6. A method of manufacturing a wafer mount, the wafer mount including:

a ceramic base which includes a wafer mounting surface and in which an electrostatic chucking electrode and a heater electrode are buried; and

a cooling plate bonded to the ceramic base and including a flow path of a coolant,

wherein the wafer mount is configured to perform heating through energization to the heater electrode and cooling by cyclically supplying the coolant to the flow path, with the wafer being fixed on the wafer mounting surface via electrostatic attraction through application of a voltage to the electrostatic chucking electrode,

the method comprising the steps of:

a) bonding together the ceramic base and a base of the cooling plate, the base including a groove to be the flow path;

b) burying, into a joint of the ceramic base and the base, a first power feeder that feeds power to the electrostatic chucking electrode, and a second power feeder that feeds power to the heater electrode;

c) detachably attaching a lid of the cooling plate on the base to close the flow path;

d) measuring a temperature distribution on the wafer mounting surface with the lid being attached on the base while performing the heating through the energization and the cooling;

e) detaching the lid from the base and locally adjusting a shape of the flow path when the measured temperature distribution does not satisfy a predetermined criterion; and

f) remeasuring the temperature distribution on the wafer mounting surface of the wafer mount in which the shape of the flow path has been adjusted in the step e), with the lid being attached on the base while performing the heating through the energization and the cooling,

wherein the step e) and the step f) are repeated until the temperature distribution remeasured in the step f) satisfies the predetermined criterion.

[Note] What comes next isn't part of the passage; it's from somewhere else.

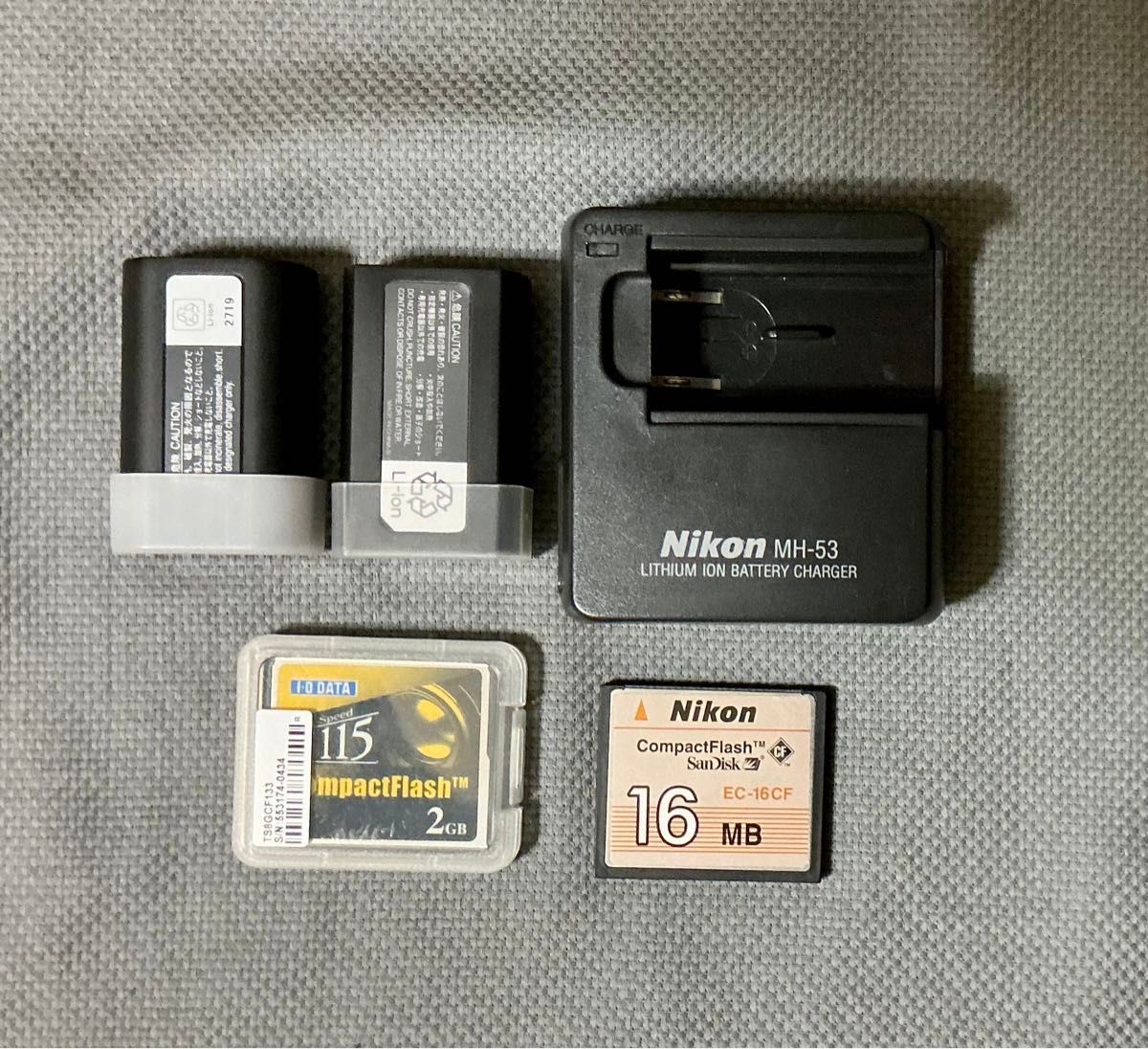 Nikon COOLPIX 4300 付属品付 です ( 写真は撮れますが年代物の Nikon COOLPIX 4300 付属品付 です ( 写真は撮れますが年代物の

7. The method according to claim 6,

wherein a fin protruding from at least one portion of the flow path is formed at latest before performing the step c).

8. The method according to claim 7,

wherein at least one of the following steps is performed in the step e) at a predetermined position determined according to a result of the measured temperature distribution: lowering a height of the fin: widening the flow path: forming an additional groove in a portion facing the flow path on a main surface of the lid: or adding a new fin to the flow path.

9. The method according to claim 8,

wherein the new fin is made of a material higher in thermal conductivity than a material of the cooling plate when the new fin is added to the flow path in the step e).

10. The method according to claim 6,

wherein at least one of the following steps is performed in the step e) at a predetermined position determined according to a result of the measured temperature distribution: widening the flow path: forming an additional groove in a portion facing the flow path on a main surface of the lid: or forming a fin protruding from at least one portion of the flow path.